La novela, narrada cronológicamente, se estructura en tres actos. Una primera parte en la que vemos a la jovencísima Trina enamorarse de Erich, casarse y ejercer como maestra clandestinamente. La llegada de sus dos hijos y la desaparición de uno de ellos: Marica que se evapora una noche de la mano de la hermana de Erich y a la que Trina nunca más verá; trance que que da lugar a la novela, que viene a ser el relato de su vida y la de su padre, que Trina le ofrece. El clima bélico, el tener que nadar entre las aguas fascistas de Mussolini y Hitler sin que Trina y Erich quieran meter en el agua ni siquiera los tobillos (no como su hijo Michael, seducido por los cantos de sirena nazis), les llevará en la segunda parte a tirarse al monte, convertirse en fugitivos, codearse con desertores, ver pasar los meses escondidos en establos, hacinados como animales, pero subsistiendo gracias a la solidaridad humana hasta el fin de la guerra. Finalmente la novela acaba con el pueblo sumergido, Erich enterrado, toda vez que le han arrebatado todo y su magra esperanza muera al poco, de inacción y Trina consolándose con palabras, vertiendo en el papel su historia, dando cuenta de sus avatares y desventuras, del sempiterno empeño de Erich por permanecer en Curon contra viento y marea, hasta sus últimos días.
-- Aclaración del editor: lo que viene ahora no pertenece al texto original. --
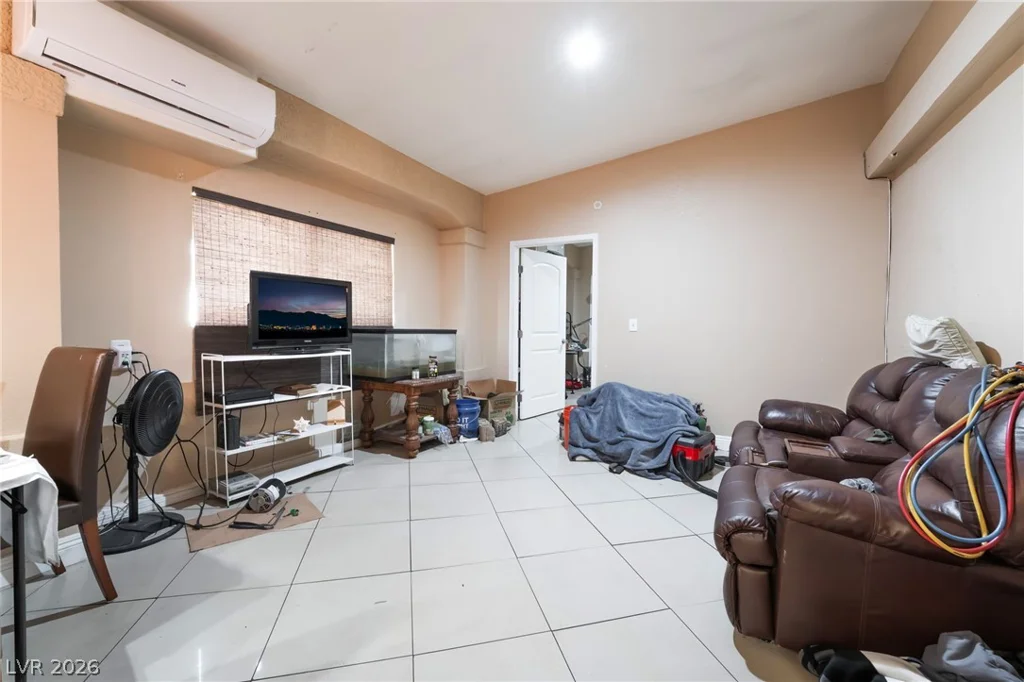 1413 17th, Las Vegas, NV 89104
Cuando Trina escribe ahora en su cuaderno Curon presenta el aspecto de una villa turística a la que la gente acude a echar fotos al campanile, a navegar por el lago. Ante la mirada inquisitiva del viajero curioso, Balzano nos lega la sugerente historia de Trina, Erich y la de otros muchos que han visto sus pueblos anegados y buena parte de su vida borrada de un zarpazo, poniendo así en el mapa -no solo sentimental- los destierros de los que habla Llamazares.